START DATA EXCERPT
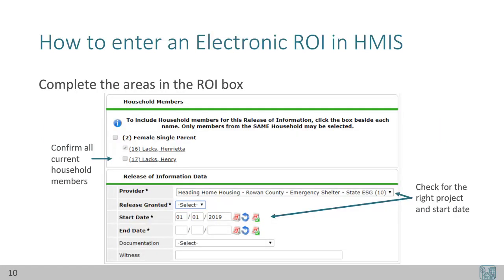A new box will appear — complete the required areas. In the first section, Household Members, confirm all current household members. This list is determined by the Household tab group. Since Henrietta and Henry are both entering our project, they should both have checkmarks. You have one more opportunity to check enter data as and backdate modes. Under the Release of Information data section, the project you're entering data into will appear as the provider, and the backdate mode date — or the current date if entering live data — will appear as the start date. Do not change these two options if they are wrong; exit out and fix your enter data as and backdate modes first.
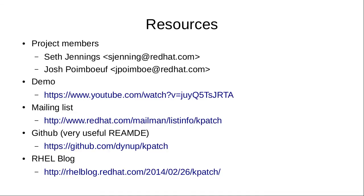This is some information about the project: the two primary developers, mailing list, and the GitHub repository. Hopefully this demonstration was useful to you, and we hope to get this technology out as soon as possible.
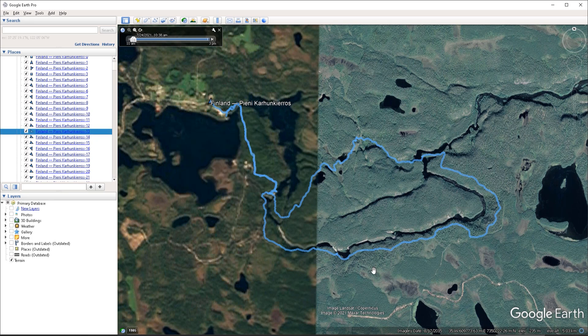And with that done, I think this pretty much covers it for importing GPX data into Google Earth. Thank you for watching and see you in the next video.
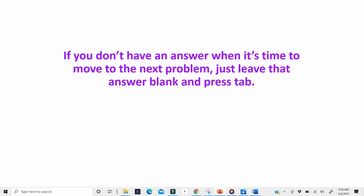And in other cases, you may run out of time, and that's okay. Go ahead and just leave the answer blank if you run out of time, and press Tab and move on to the next one.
END DATA EXCERPT
Word for word, return the material above, but drop the pictures.

A new box will appear — complete the required areas. In the first section, Household Members, confirm all current household members. This list is determined by the Household tab group. Since Henrietta and Henry are both entering our project, they should both have checkmarks. You have one more opportunity to check enter data as and backdate modes. Under the Release of Information data section, the project you're entering data into will appear as the provider, and the backdate mode date — or the current date if entering live data — will appear as the start date. Do not change these two options if they are wrong; exit out and fix your enter data as and backdate modes first.
This is some information about the project: the two primary developers, mailing list, and the GitHub repository. Hopefully this demonstration was useful to you, and we hope to get this technology out as soon as possible.
And with that done, I think this pretty much covers it for importing GPX data into Google Earth. Thank you for watching and see you in the next video.
And in other cases, you may run out of time, and that's okay. Go ahead and just leave the answer blank if you run out of time, and press Tab and move on to the next one.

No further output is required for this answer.